| Given information |
Segment Open

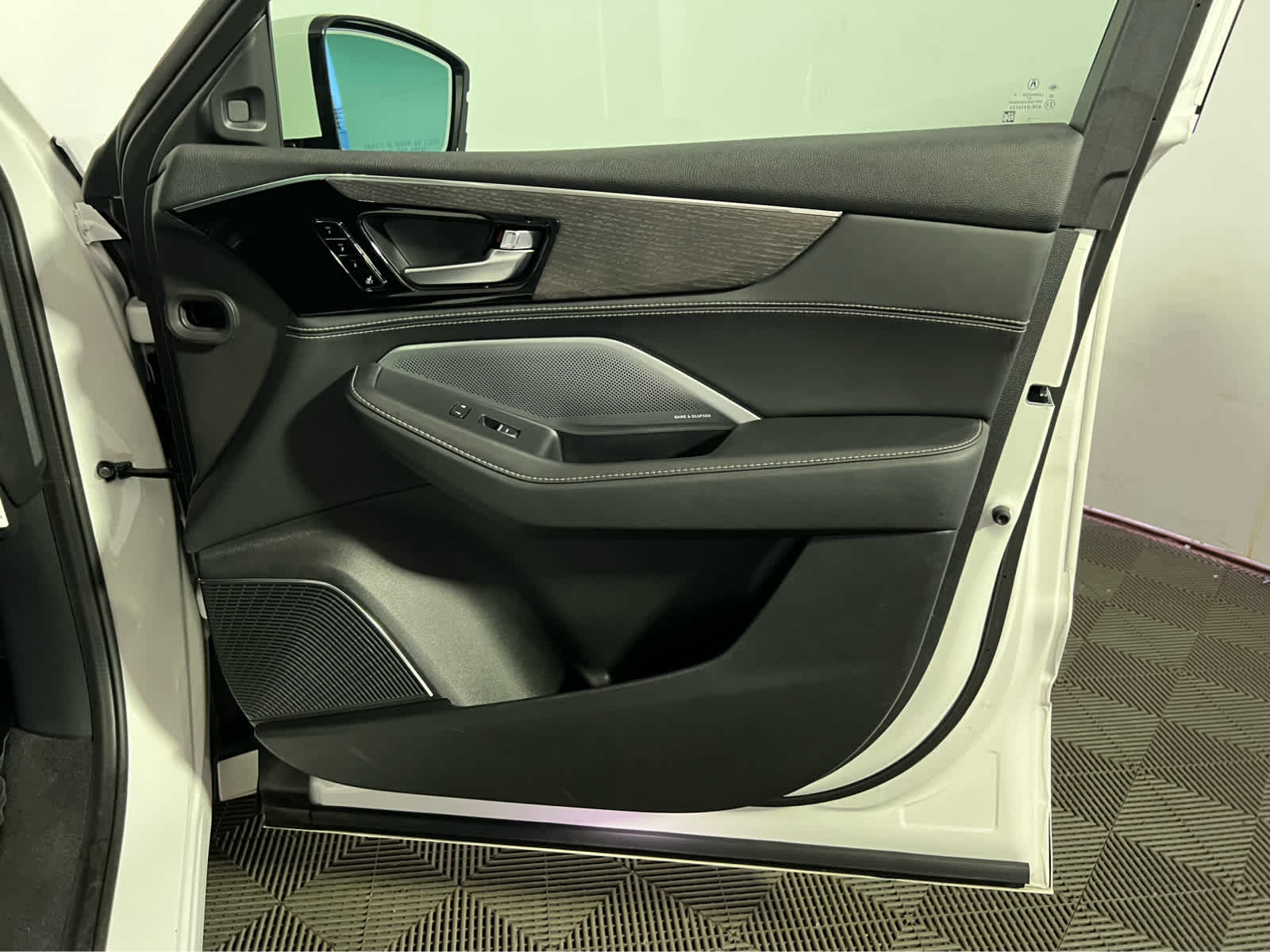 2026 Acura MDX w/Advance Package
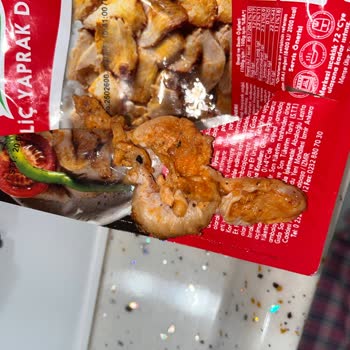 Lezita Piliç Dönerde Çiğ Tavuk Tehlikesi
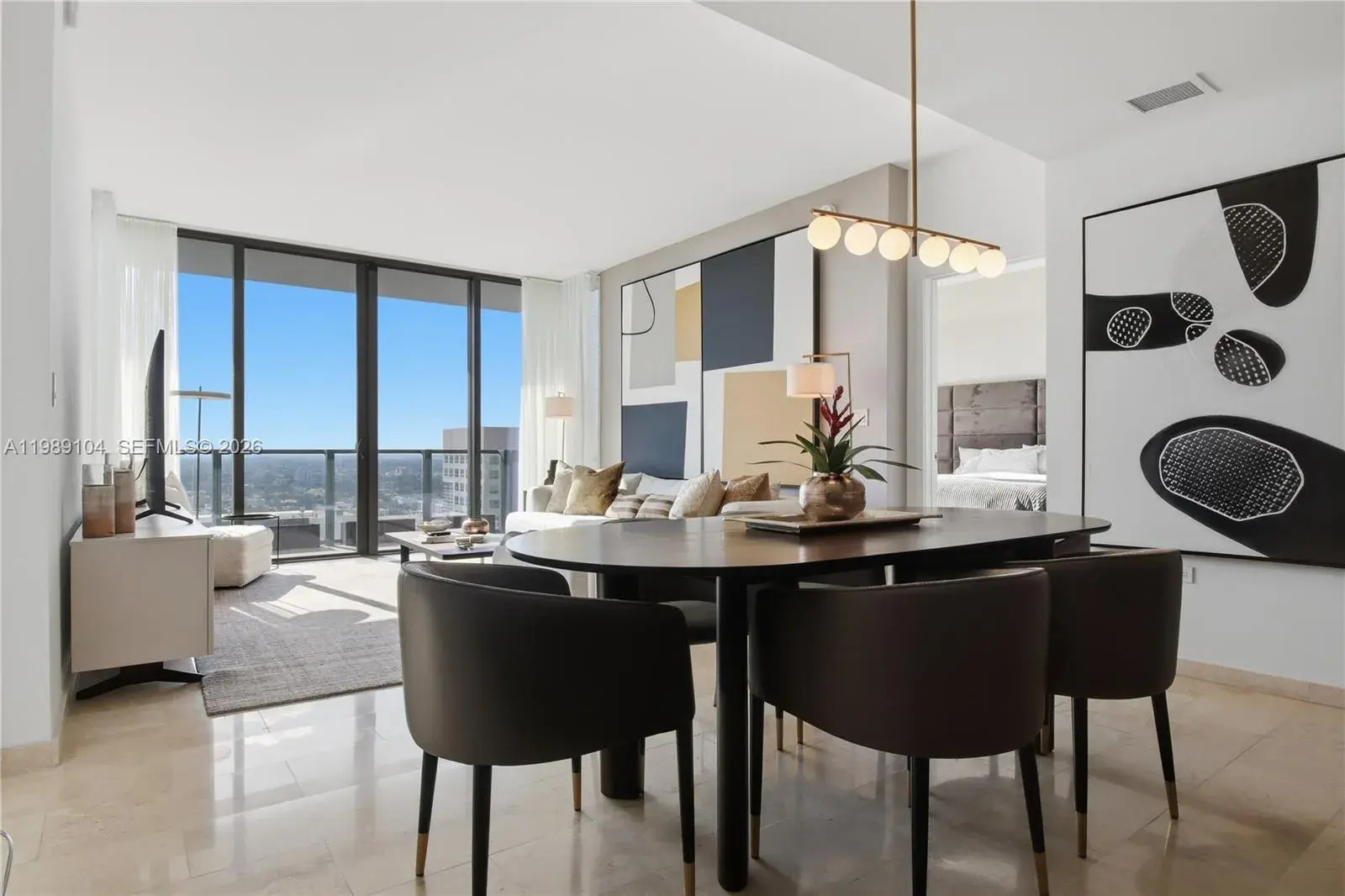 88 SW 7th St # 2404, Miami FL 33130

Segment Closed

| Goal of the exercise |
Return the material exactly as given above, picture-free.

| Solved exercise |
 2026 Acura MDX w/Advance Package
 Lezita Piliç Dönerde Çiğ Tavuk Tehlikesi
 88 SW 7th St # 2404, Miami FL 33130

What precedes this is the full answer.